The action of La gazzetta takes place in a Parisian inn where several guests are staying. Don Pomponio, a local big mouth, extols the virtues of his daughter and has advertised the fact in the local papers as he seeks to marry her off. To cater for local tradition at the Teatro dei Fiorentini the role of Don Pomponio was written in Neapolitan dialect and is sung here by a native of the city Marco Cristarella Orestano. I cannot vouch for the veracity of his Neapolitan patois but he certainly enters into the spirit of his character. Whilst not being the most mellifluous of baritones his quick patter is delivered with good Rossinian taste and skill (CD 1 Trs. 4–6). Don Pomponio is unaware that his daughter, Lisetta, is in love with Filippo, owner of the inn. Judith Gauthier sings this high role with warm tone, pleasing vocal purity and characterisation (CD 1 Tr. 8). In the duets with her father (CD 1 Tr. 14) and her lover (CD 2 Tr. 4) she characterises the role particularly well. Her lover, Filippo, is sung by Giulio Mastrototaro, one of a clutch of more than adequate lower-voiced males who appear in the cast. Whilst not being outstanding they play a vital part in making the opera truly comic.
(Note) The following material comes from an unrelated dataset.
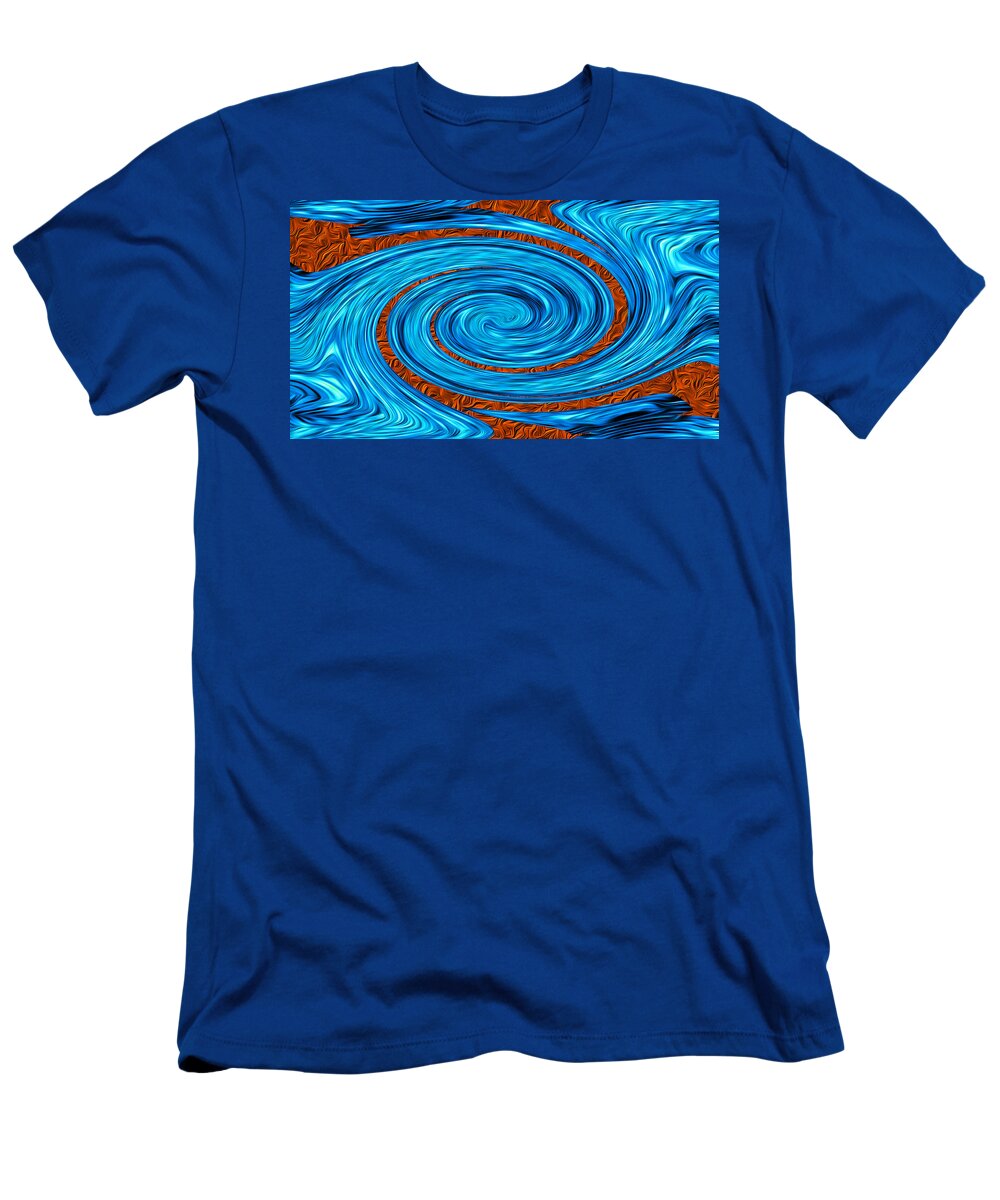 Digital T-Shirt featuring the digital art Lava Creates Whirlpool by Ronald Mills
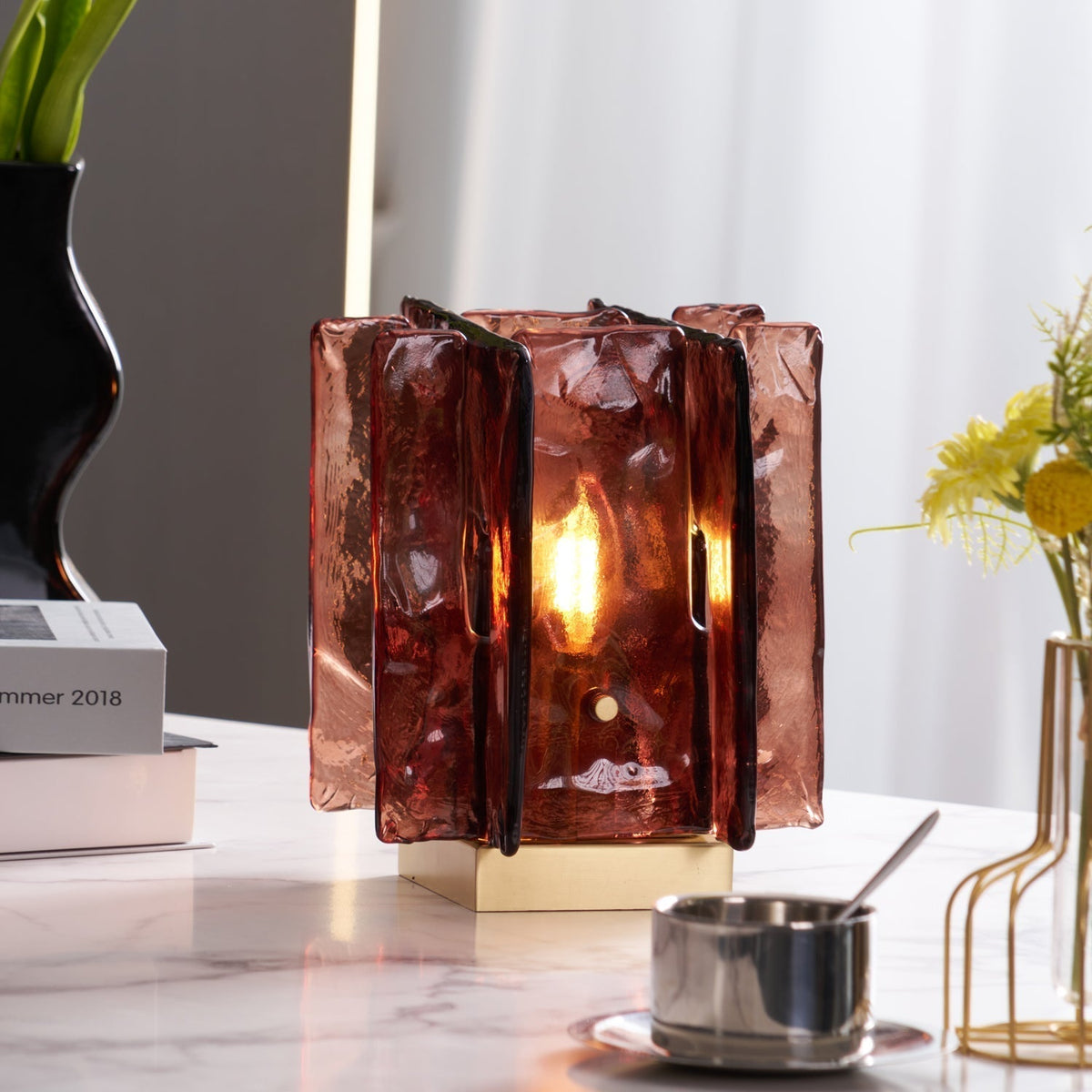 Avlaear Kunstglas tafellamp van glas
Of the other pair of lovers the warm-tones of Sicilian soprano of Rossella Bevacqua contrasts nicely with those of Doralice (CD 1 Tr. 12). Alberto, in search of a wife confuses her with the lady advertised in the ‘Gazzetta’ and which confusion is all part of the improbable fun. While not written to feature any of the high-voiced tenors that Barbaja had under contract in Naples, the role has high tessitura as well as a low dramatic requirement. In this performance it is sung by American Michael Spyres. The following year at Bad Wildbad Spyres sang the role of Otello, written for the great Andrea Nozzari famous for his florid singing and powerful lower notes. Spyres has the range, with a strong baritonal patina, however, whilst being ardent he lacks security and easy divisions in the coloratura in the more florid writing (CD 2 Tr. 6). As Madama La Rose, Maria Soulis’s mezzo is rich and flexible (CD 2 Tr.2).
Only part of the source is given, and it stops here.